Although an exact dollar figure that the city will seek hasn't been determined, O'Connell said he expects it to be hundreds of millions of dollars.

Fischer and O'Connell want to reduce the flow of prescription painkillers into the community and make the wrongdoers pay for the treatment, according to the suit.

"We have a lost generation of people addicted to opiates, and many have not migrated to heroin," Fischer said. "Wholesale distributors need to be held accountable for this epidemic by cleaning up the mess they've created through treatment for those struggling with addiction, educating our youth to understand the danger of opioid abuse and keeping our communities safe."

O'Connell's son died of an overdose in 2014, at the age of 33.

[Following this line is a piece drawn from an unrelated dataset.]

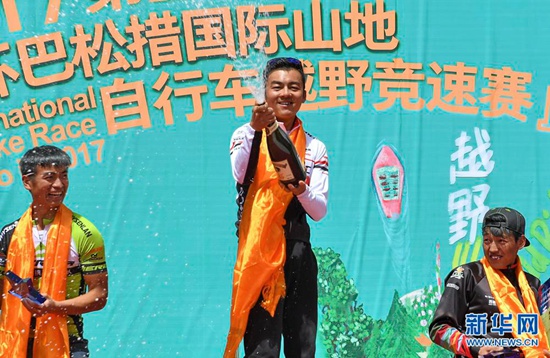 第五届环巴松措自行车赛　青海西藏选手分获男女冠军
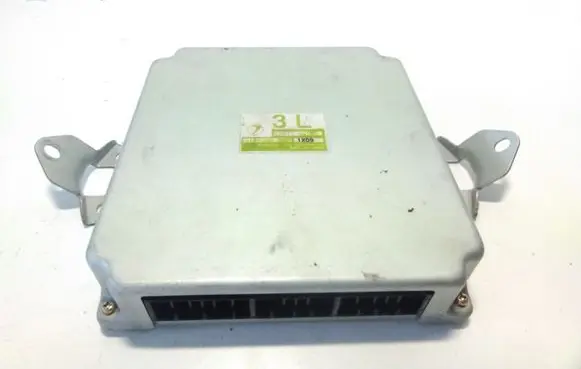 Subaru Legacy Engine control unit/module 22611AG182 A18000D8P 1X09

"Matt's death left a hole that, for a parent, I don't think can ever fully heal," O'Connell said. "This lawsuit is a chance at some small piece of justice for my son Matt, and for the countless families who have been decimated by the opioid plague and the grip of addiction."

The city has hired several law firms, including Levin Papantonio, Greene Ketchum, Baron & Budd, McHugh Fuller Law Group, Hill Peterson, Bowling and Johnson PLLC and Gray & White Law.

The law firms are taking the case at no cost to taxpayers, according to the city. The firms will be paid only if the win the lawsuit and would be awarded 30 percent of any monies recovered, O'Connell said.